I dont think the mechanics modules introduce vectors until module 3. Before that its more distance & angle.
At least with self taught, you can pick and choose what modules to do exams in Jan & May, as well as spread the A-level out if need be. Its much easier to revise if you do say 2 exams in Jan, and 4 in May.
You can book exams through a company called 'Pearson VUE'. They have places all over the UK. When I did, I basically had a whole room to myself (apart from once when there was a hot girl )
@BenS1, the only place Ive seen you can do further maths is if you went to a 6th form college. Otherwise you'll have to go down the self-taught route (which only requires slightly more self-organisation than distance learning). Also if you're interested, you can do 3 A-levels in maths; maths, further maths, further maths additional. Is it possible you could do a 1-year foundation (distance) degree?
Sorry for late reply
I got A's in both cases
89% for distance learnng and 88% self taught (not statistically significant!)
I actually got a B at GCSE that i'd done 4 & 5 years earlier.
It really depends on your strongest learning style. After a while with the distance learning I
found I very rarely needed help hence the reason I dropped it.
Are you working full-time/part-time/unemployed? If you don't have much time it might be best
to get a tutor. I was only p/t so getting stuck wasn't much of a prob. Of course you could
make use of forums like this if you get stuck.
What level are you at now? Have you done any graphics/physics programming? If some of the
pure/core modules and mechanics modules will be a doddle.
There might be better distance learners than the NEC so I can't help you with which to choose.
If you go self taught youll have near complete control over which modules you choose. Either
way you'll spend most of your time learning from the text.
'Fraid I threw out my stuff when I went to uni but I was sent the texts, a couple of work
books to summarise things and practice stuff, and coursework sheets.
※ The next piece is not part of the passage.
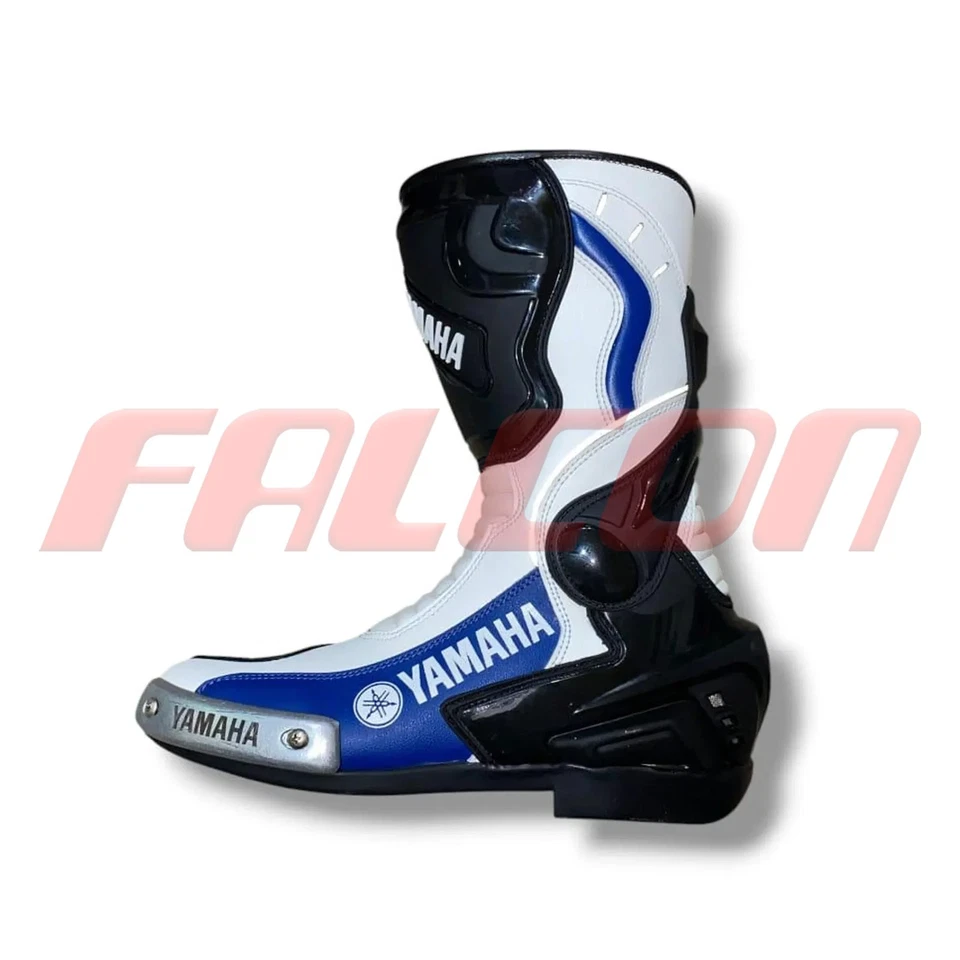 Botas de cuero Yamaha para carreras de motocicletas | Zapatos de montar en moto para hombre todas las tallas Foto 4 de 4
However, when I did further maths, the Edexcel website provides summary formula's etc and
practice/past papers (invaluable - cant state that enough). In both cases, it was the practice
papers that I found to be the best gauge of my progress. Also the specs tell you specifaclly
what you need to know for the exam.
If you just want to try things out self-taught, do this:
Go to an exam board website (Edxcel, AQA etc). Get the module specs for A-level maths.
Pick 1 or 2 modules that are part of A-level maths (unless things have changed they're called
the 'core' modules).
Buy the required texts (usually 1 book for each module)
Work through the books.
Do past/practice papers after.
If you'll feeling confident near xmas, book to take the exams in January.
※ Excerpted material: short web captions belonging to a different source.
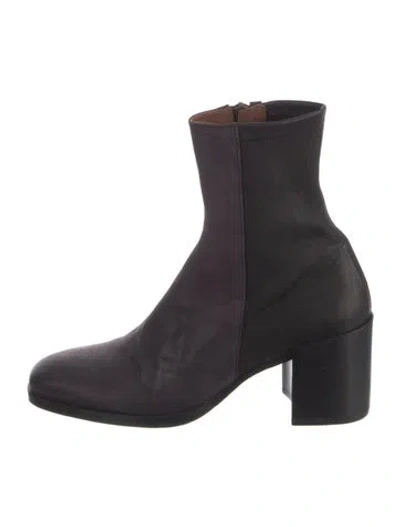 Pre-owned Fiorentini + Baker Leather Sock Boots In Black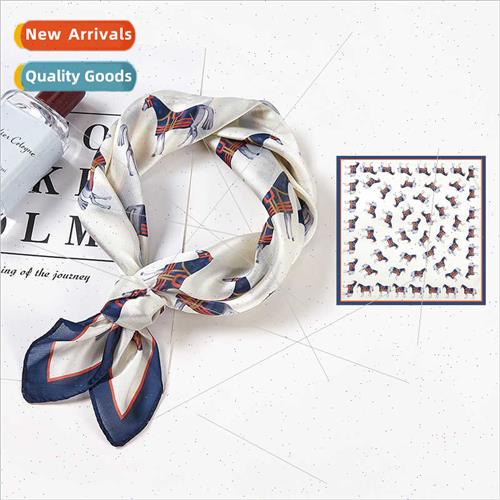 Japanese ins53 silk scarf small square scarf spring autumn K
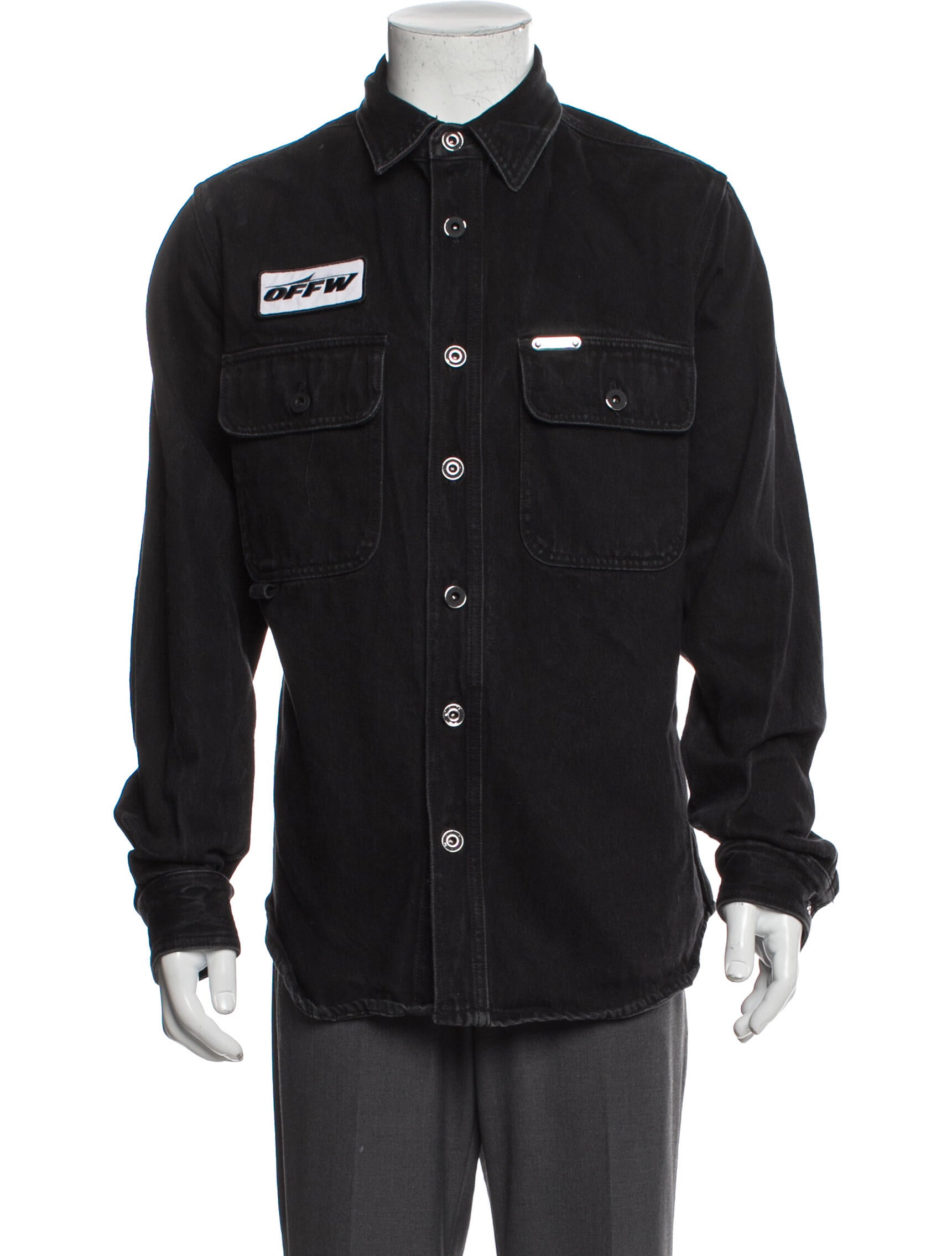 Off-White 2018 Logo Denim Denim Jacket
Then you should know if self taught works.
If not, you might (got no idea) have to wait till following september to embark with distance
Anyway, if its programming in general you're looking to enhance, Id highly recommend the
'decision maths' modules [search amazon 'decision maths heineman']. They cover stuff like
binary searches, algorithms for bin packing, finding the shortest route across a network of
nodes. (also useful for AI)
If its physics, then the mechanics modules and pure/core modules.
Oh and statistics module 1 is an easy way to get some marks.
You can re-take modules and you get the higher mark of the 2 modules.
If you go self-taught, send me ur email and ill try and find the latest info you'll need (else
Ill some old pdf's).
Remember, maths is largely a subject you train at rather than a bunch of facts to memorise so practice practice practice! (thats what got me my A's). Read and re-read material, writing notes as you go. Do the practice questions/check your answers, then write up what you know (important for your understanding and essential for revision). That will also help it stick. If you're stuck, do the examples, side-by-side with the books examples. Its better than just reading them.
So, got the time? Self-taught is fine.
Time v. limited? Distance learning or you could spread the A-level over up to 3 years.